- Manufacturer: Victorian Railways
- Constructed: From 1859
- Number built: >15000
- Operator: Victorian Railways
- Line served: All

Specifications
- Track gauge: 5 ft 3 in (1,600 mm)

= Victorian Railways open wagons =

The Victorian Railways used a variety of both 4-wheel and bogie open wagons for the transport of a wide range of loads.

==History==
The first open wagons were 4-wheel wagons of all-wooden construction, had no brakes and could carry up to 8 LT. Westinghouse brakes were added from 1891, with most vehicles modified by 1905. The addition of brakes, and the use of steel frames, meant that, by 1928, vehicles with 27 LT capacity had been developed.

The first bogie open wagons were built in 1880 and had a capacity of 20 LT. Bogie vehicles were in a minority until their widespread introduction in the mid-1950s with the construction associated with Operation Phoenix.

==Four-Wheel Wagons==
===I Series wagons===
The first I wagon was built in 1859. It was of all-wooden construction and could carry a load of 8 LT.
In 1902, the first 15 LT I wagons were built and got the nickname 'Tommy Bent' Wagon.

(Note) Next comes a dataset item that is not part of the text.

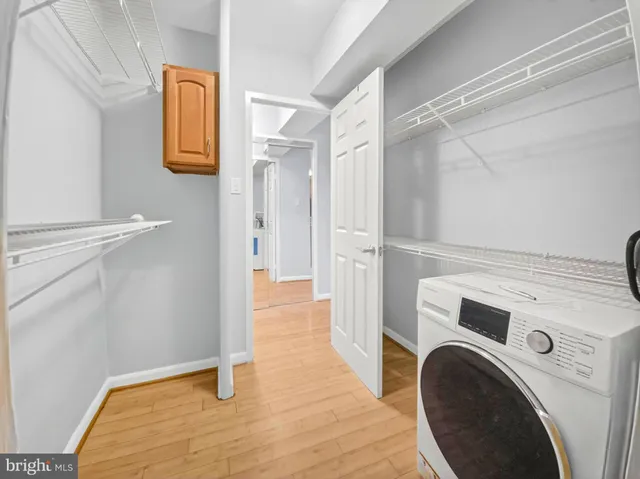 a view of hallway with washer and dryer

From 1907 to 1926, the standard I wagon was built which could also carry 15 LT. These wagons had a longer wheelbase than the earlier 15-ton wagons.

====IA - Four-wheel Open Wagon====
IA wagons were almost identical to the steel 15 LT I wagons. The only difference was they were recoded to allow for dual rating of 11 and 15 LT. That allowed loads of up to 11 LT being charged at the 11-ton rate and loads from 11 to 15 tons at the 15-ton rate. The recoding started in early 1929 and continued while IB wagons were being scrapped.

====IB - 11-ton Open Wagon====
In 1929, all I's with a load of less than 15 LT were re-coded IB, to separate the lower-capacity wagons from the newer higher-capacity wagons.

====IC - Fixed-wheel Tippler Wagons====
From 1954, approximately 350 I/IA wagons were converted for tippler traffic, to carry coal between Yallourn and Newport Power Station. Later tippler traffic was between the Maddingley Mine at Bacchus Marsh and the APM paper mill at Fairfield. The wagons were modified by removing the doors and replacing them with a steel plate welded into place.

====ID - (ex D&MR Co) Open Wagon====
Included in the Deniliquin & Moama Railway Company stock acquired by the VR in 1923 were fixed wheel open wagons similar in design to 'standard' 10 ton capacity I wagons, which the VR had been building through the 1880s. These wagons were classed ID by the VR and numbered 31, and 33 to 50.
Similarly 46 to 50 ID were built at Newport Workshops in 1922 for the D&MR; they were standard pattern I wagons as built at that period and were used to replace accident damaged I wagons in the VR fleet, some surviving until the 1970s.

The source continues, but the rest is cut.